O cliente dirige-se à máquina e no ecrã multifunções faz a sua encomenda, a máquina pede-lhe o dinheiro (julgo que aceitam cartões) e depois da transação efetuada sentamo-nos e esperamos que o nosso número seja anunciado ou que nos tragam a comida à mesa.
Na verdade, estas “japonezisses” servem, e muito, para facilitar a vida tanto a clientes como a funcionários.
De regresso ao embasbacamento que este povo nos provoca, retorno a mais um caso de ficar de boca aberta e queixo caído.

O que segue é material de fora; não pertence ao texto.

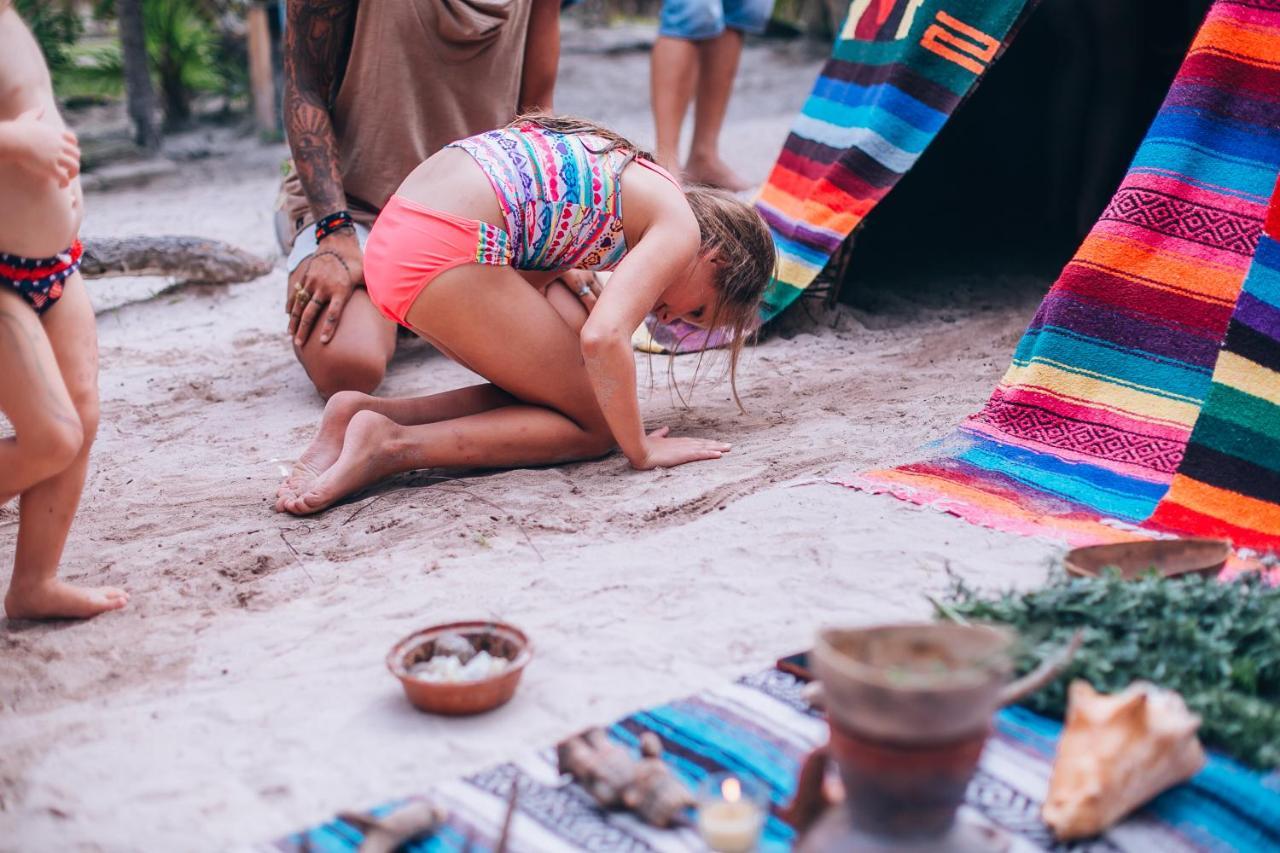 Ikal Tulum Hotel Exterior foto A woman in a trance state during a shamanic healing session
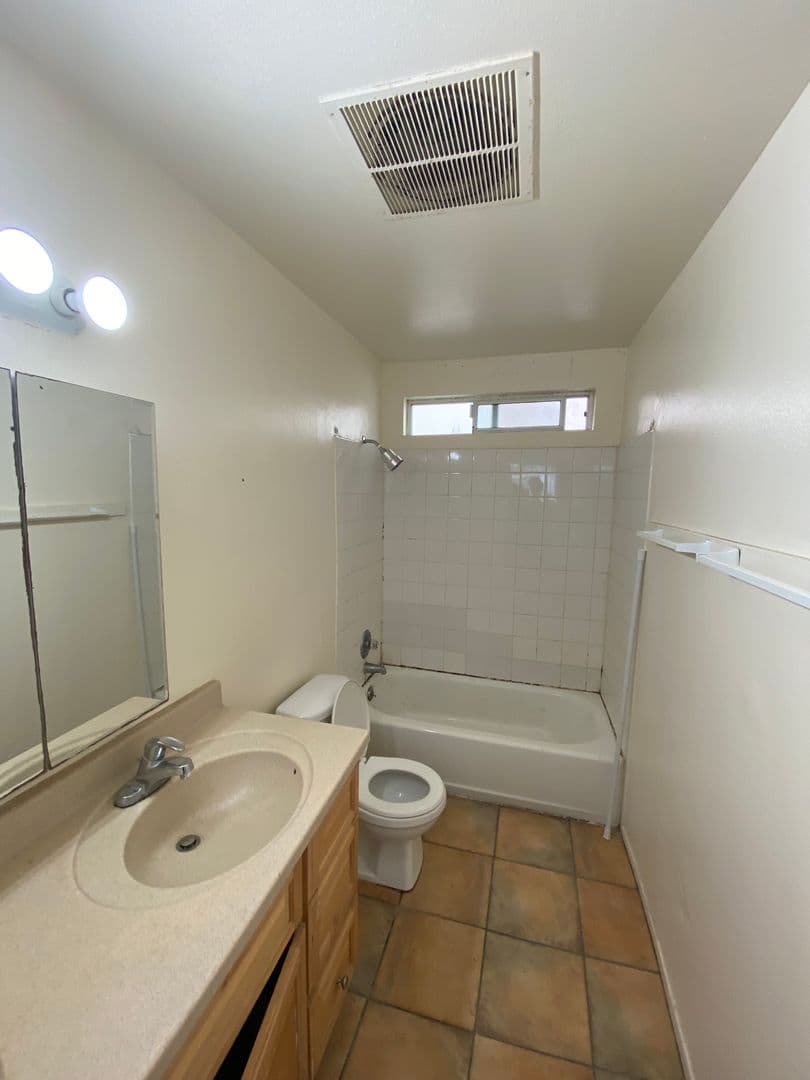 Goleta Apartment: 6743 Del Playa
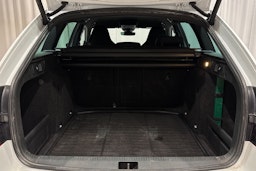 valkoinen Skoda Octavia 2018 kuva 16.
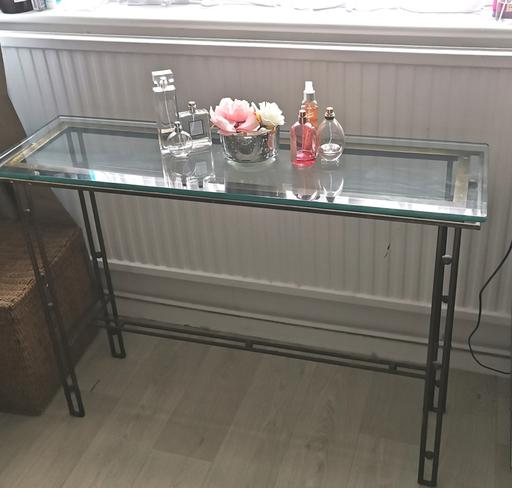 Buy & Sell Borehamwood Hertsmere - Photos for Glass Console table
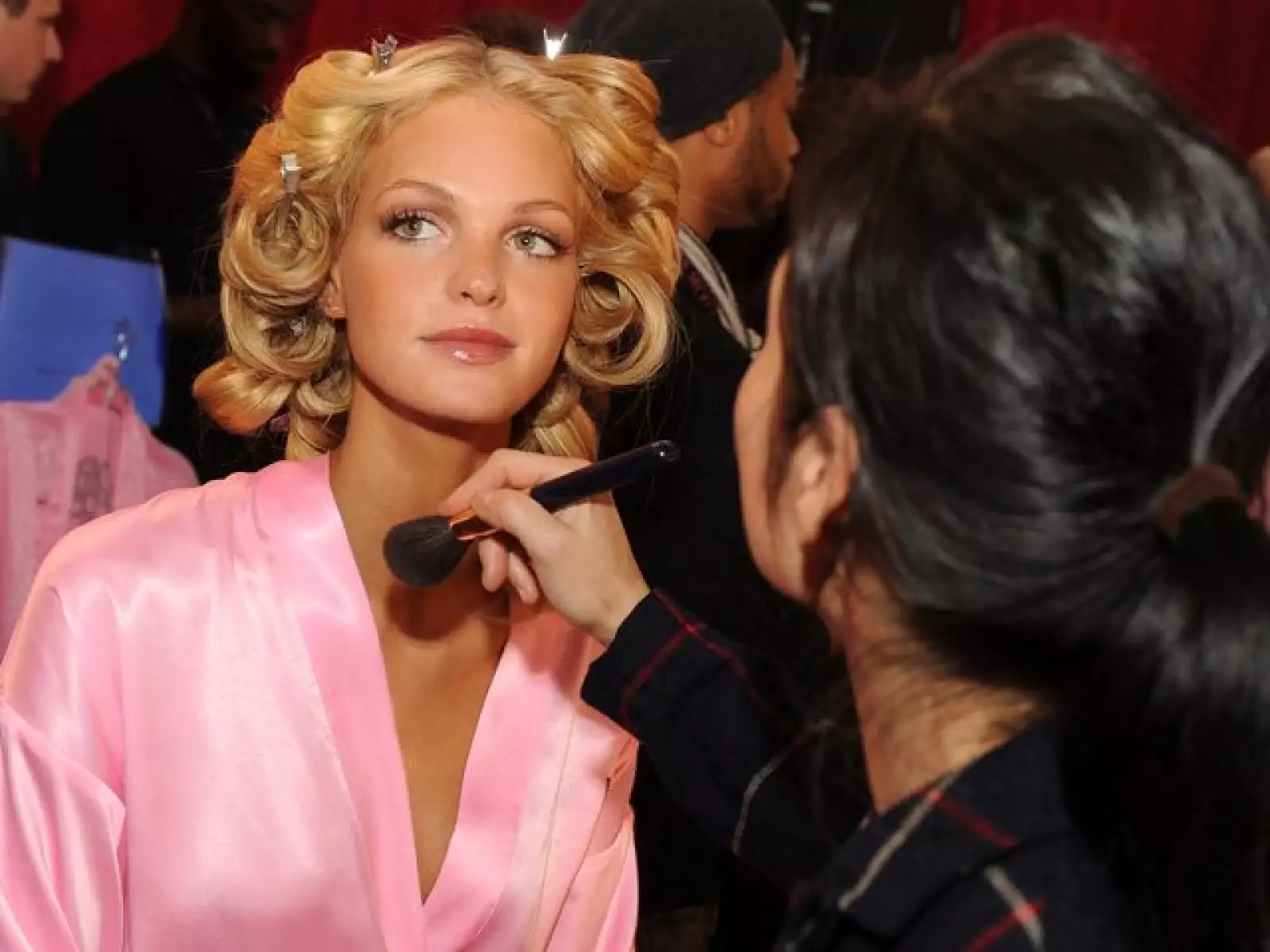 La modelo Erin Heatherton recibe los toques finales antes de salir a la pasarela, en la cual estará en vivo Katy Perry.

Entrámos numa loja “Seven/Eleven”, uma cadeia muito popular por aqui e por toda a Ásia, para adquirir já não sei o quê. Aproveitámos para perguntar à senhora atrás do balcão o caminho para o castelo, um monumento que pretendíamos visitar.
Na rua chovia a bom chover. A temperatura anunciava 1ºC grau positivo. Frio de rachar… portanto!
Mostrámos o mapa e tentámos comunicar com sorrisos e uma mistura de línguas e gestos. A tal senhora ainda fez menção de nos dar indicações no mapa. Nisto, manda-nos esperar um instante. Quando regressa vem de casaco vestido e decidida a abandonar o seu posto de trabalho para nos ajudar a encontrar o caminho, só que desta feita acompanhando-nos até uma artéria onde se via a entrada do monumento.
Mais uma vez ficámos sem palavras. Agradecemos do coração a esta gentil senhora, que abandonou o seu local de trabalho num dia de chuva e frio para nos acompanhar na descoberta do caminho para o tal monumento.
Na verdade, já me faltam adjetivos para poder qualificar a gentileza e disponibilidade deste povo. Só posso dizer: ainda bem que vivi para viver estes momentos, que fazem de mim uma melhor pessoa e me dão exemplos de comportamento que, na verdade, não me lembra de verem outro sítio.